To illustrate what a transportation desert looks like, I have plotted the 102 airports where AA permits the carriage of power wheelchairs on a map. Around each airport, I drew a circle with a radius of 50 miles. Areas not appearing within a circle on this map are more than 50 miles away from an airport with mainline American Airlines service.
The map appears to be empty across large swaths of the country—particularly in parts of the midwest, southeast and Texas—but imagine if an additional 130 airports were added.
If you look closely, you’ll notice that there are entire states without an airport identified on the map. That is because, in 7 states, American Airlines uses only regional aircraft. That means heavy wheelchairs like mine are not currently welcome on AA flights to or from the following states:
- New Hampshire
- South Carolina
- South Dakota
- West Virginia
Now, you might say, “fly another airline!” That’s probably the right idea, but it isn’t always possible. My intended destination — Roswell, New Mexico — is served only by American Airlines, so there was no way to get there on another carrier even if I wanted to.
I am an Executive Platinum member of the American Airlines loyalty program, a status level that requires at least 100,000 miles of flying per year. Flying isn’t new to me and I have taken my power wheelchair on regional jets countless times.
When I asked an Executive Liaison why the airline made this change (and with no notice!), I was told that it was because AA was damaging too many wheelchairs during loading. I was told that, by refusing to transport my wheelchair on regional jets, my mobility device would be safe from damage and I would be protected.
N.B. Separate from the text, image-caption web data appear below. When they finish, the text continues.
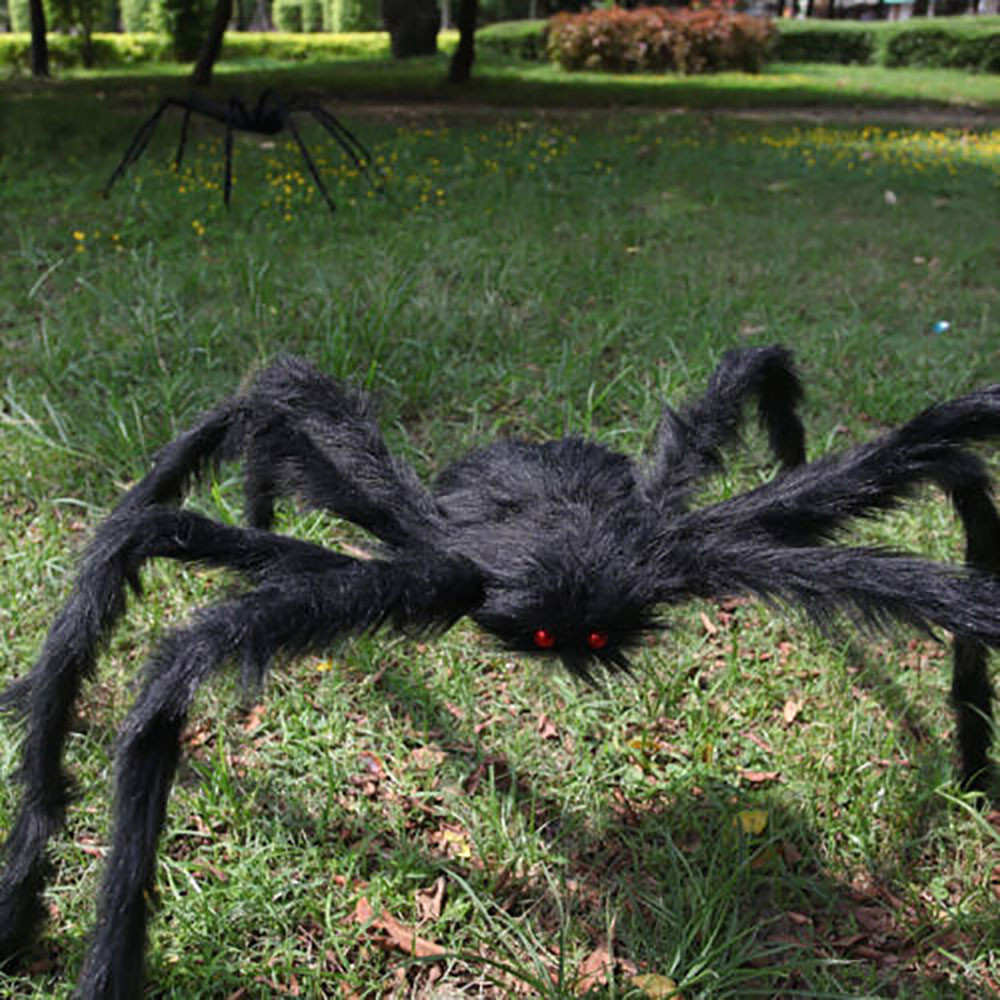 giant outdoor spider decoration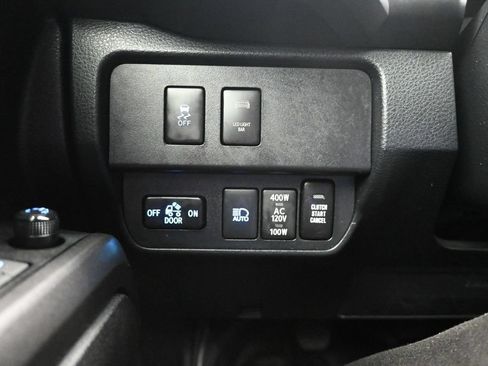 Used 2022 Toyota Tacoma TRD Sport w/ Technology Package AWD/4WD image 17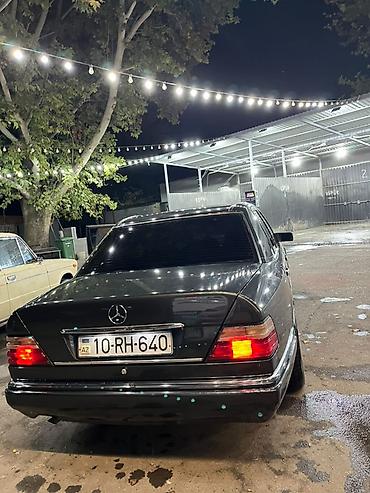 retro masin: Mercedes-Benz E-Class W124 sedan Maror karopka kandisaner idiyal — 6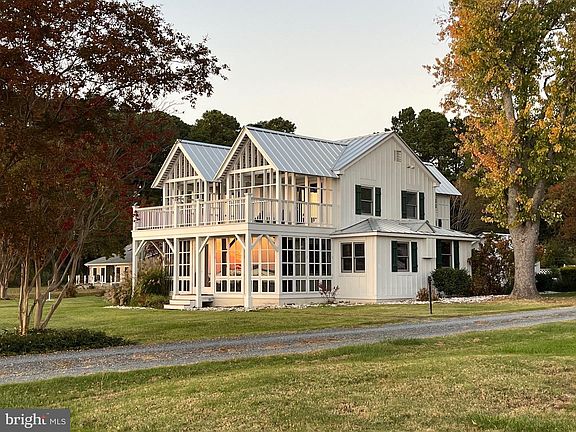 3rd image of 16530 Piney Point Rd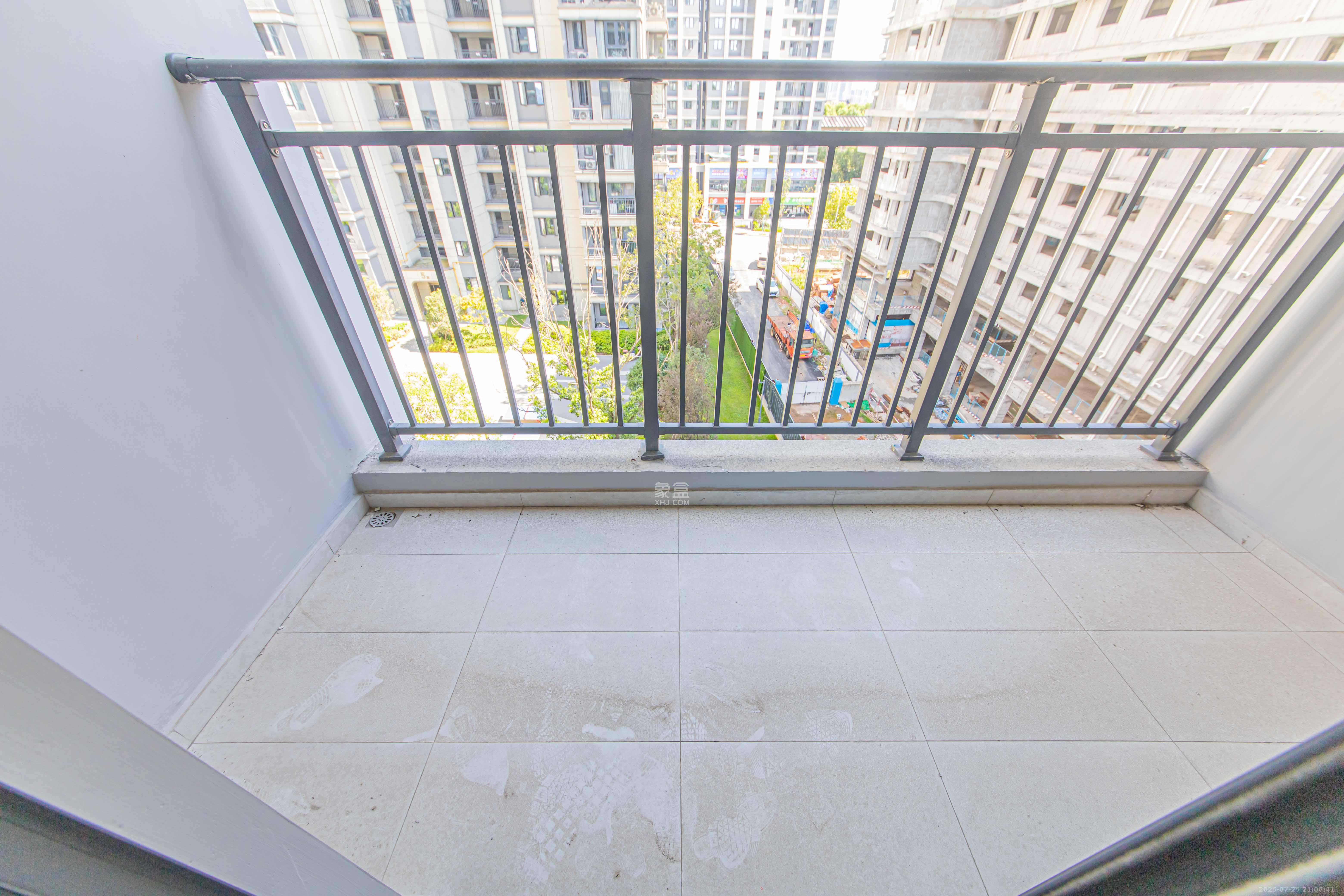 江悦和鸣 3室2厅2卫 209.80万 江悦和鸣 3室2厅2卫 209.80万阳台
That’s absurd!
I still have to fly, so I had an idea…
Despite my disagreement with the airline’s policy, it has become clear to me that AA will not relent unless they are forced to do so by the government. Given that I still have to fly, I decided that my only option is to reduce the weight of my wheelchair by disassembling it.
Last week, I took the wheelchair to my repair shop to have the articulating leg rest removed. Although the leg rest is medically necessary (for reasons that I will not go into here), I decided that I could go without it during this one trip. Since I have no feet, I was able to have the foot plates removed as well.
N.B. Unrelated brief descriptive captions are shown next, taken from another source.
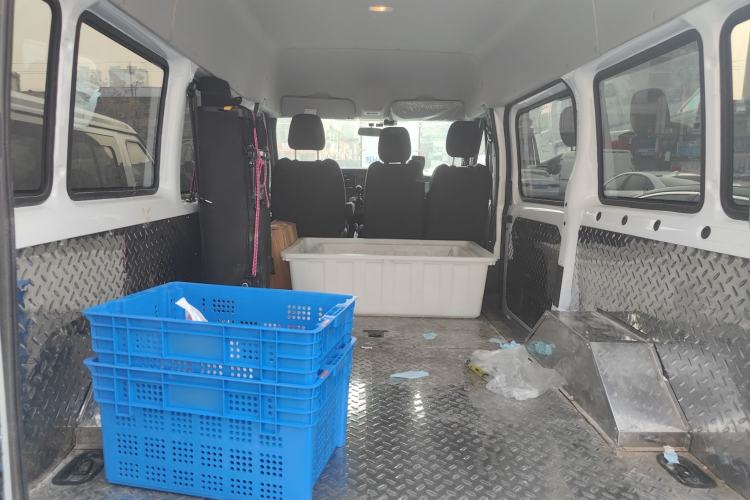 Used JMC Fushun 2023 2.0T Manual Short-Wheelbase Mid-Height Commercial Multi-Purpose 5-Seater Passenger Vehicle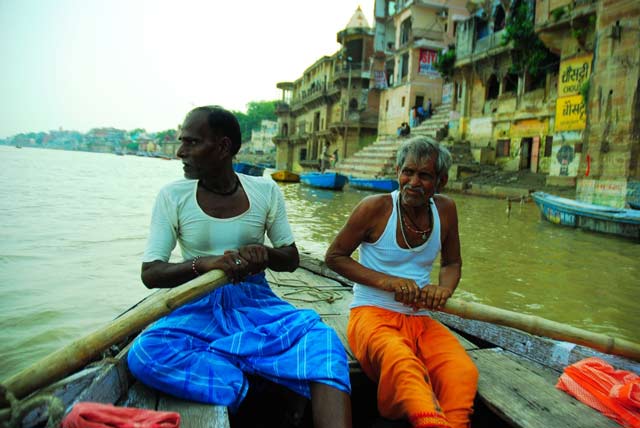 Bersama warga lokal di Sungai Gangga. Foto merupakan dokumentasi pribadi penulis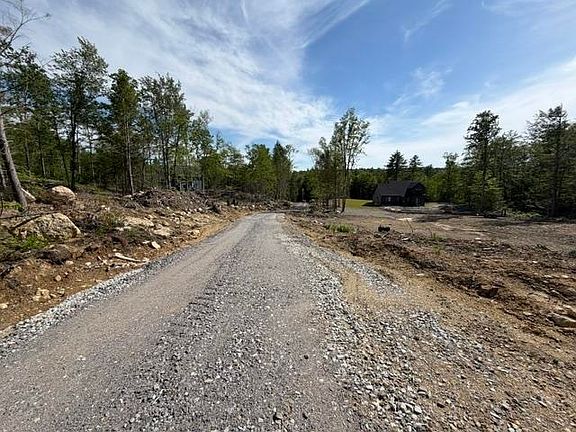 5th image of Old Coach Road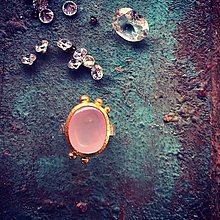 Prstene - Pozlátený strieborný prsteň s ruženínom - Chuichu - 15152115_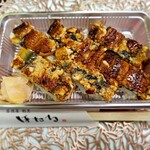 居酒屋割烹 ほたる - 持ち帰ったうなぎ箱寿司。私一人やなくちゃんと3等分で食べたよ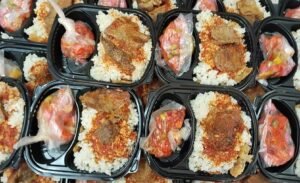 إطعام الجائع… أبسط فعل يصنع أعظم فرق (من إطعام رمضان) ❤️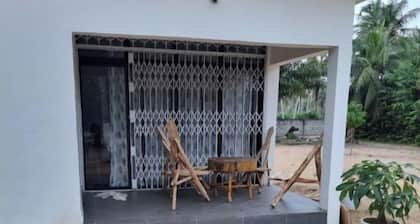 House on 2 hectares of land on the Canal 5 minutes from the sea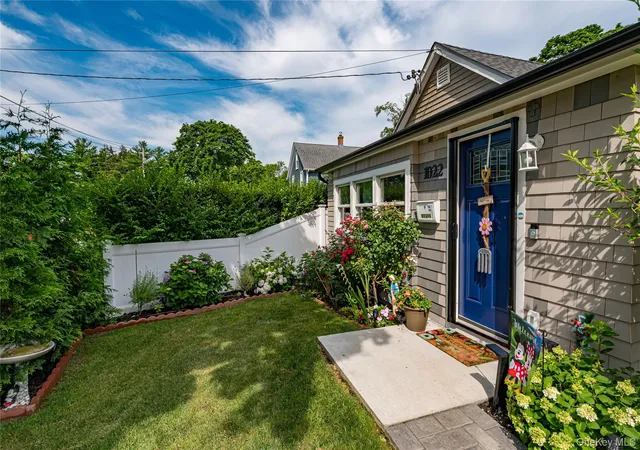 Photo 3 of Single family home for sale at 1022 Parkway St, Riverhead, NY 11901 | MLS# 1022749 | Listing updated on 2026-10-09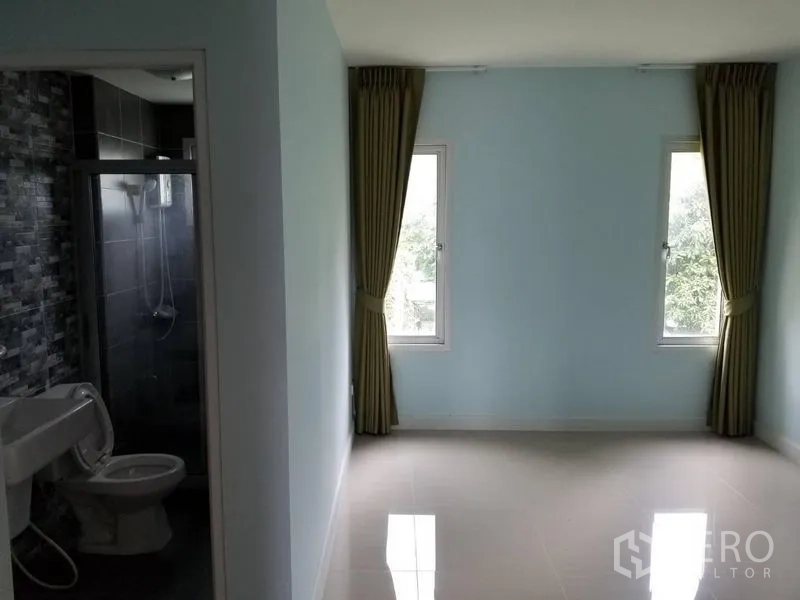 联排别墅 出租在Bang Kapi, Bangkok - 另一间带套卫的卧室，浅色调与两扇窗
At the airport, I will have the airline remove wheelchair’s batteries, each weighing approximately 51 pounds. The technicians at the repair shop strongly advised against permitting airline baggage handlers to rip apart my wheelchair, but any damage that results from this unnecessary procedure will be the airline’s responsibility. If after removing the batteries the wheelchair is still overweight, the disassembly will continue to remove the seat back, armrests and anything else that is not integral to the chair’s core structure. It will probably be a disaster, but I will keep a good attitude and have my popcorn ready.
My flight is scheduled for 3:30 p.m. on Wednesday, October 28.
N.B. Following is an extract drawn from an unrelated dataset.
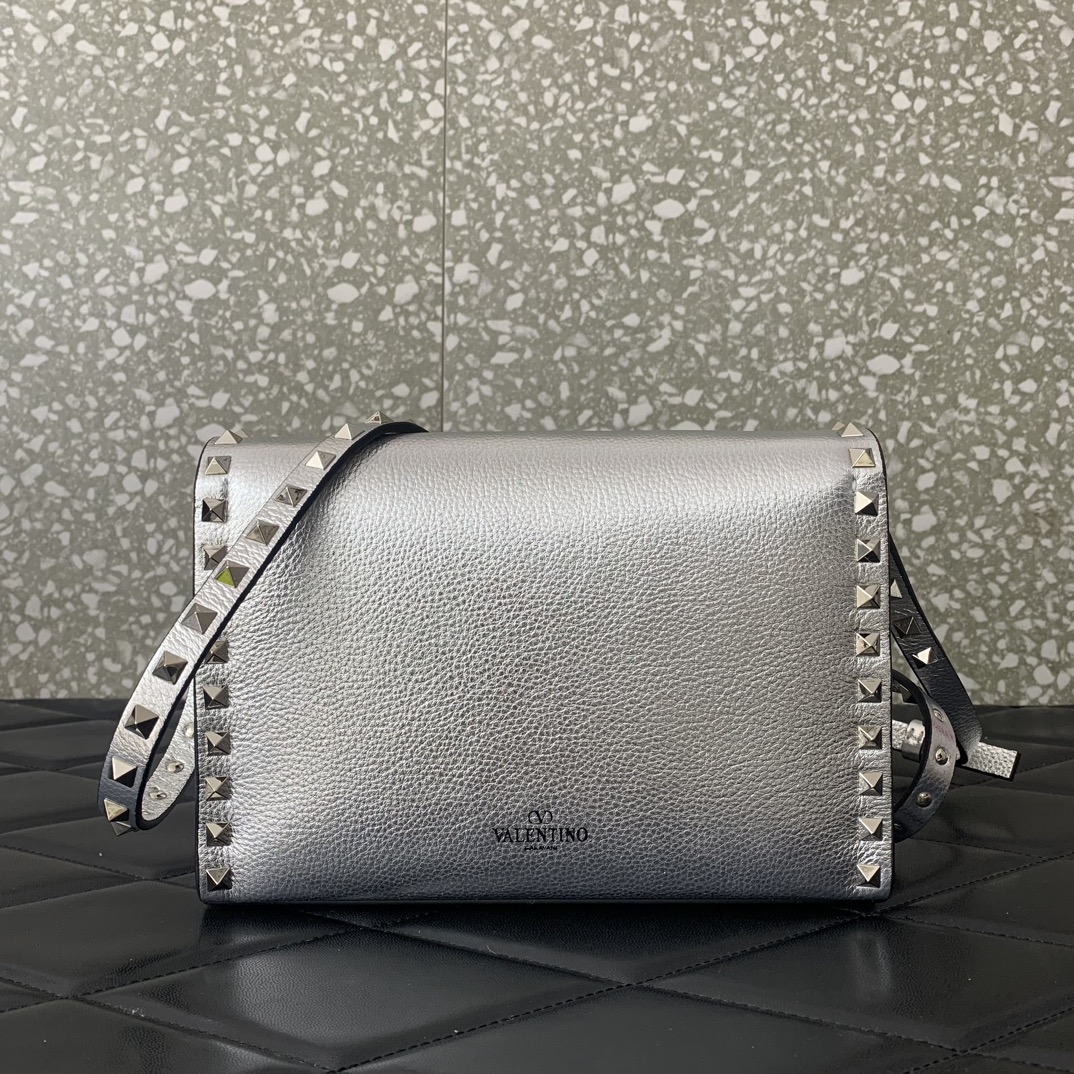 Valentino Garavani Rockstud Crossbody Bag in Silver Grainy Calfskin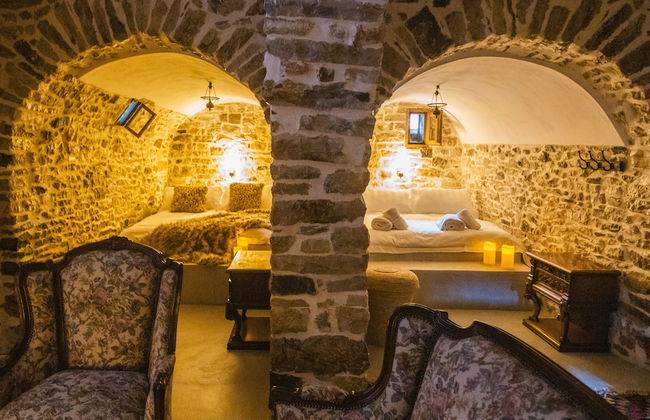 Albanian Coast - House - Stay 9 - Hottub - Petsok - Foto 1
By refusing to transport me and my power wheelchair, I contend that AA committed a gross violation of the Air Carrier Access Act. It is my hope that the Department of Transportation will come to the defense of disabled travelers’ civil rights and levy enforcement action. It must be done.
If my plan works, American Airlines will run to the media to say, “look, see, he can fly!” But the cost of even having a shot at flying under this new policy is to leave medically necessary pieces of my wheelchair behind. American Airlines is forcing me to risk my health, safety and well-being in order to fly. Some of the components that I am removing, such as the foot plates, can only be removed because I have no feet. And so, even if by some miracle I am able to fly, that possibility likely will not exist for the majority of power wheelchair users who do have feet.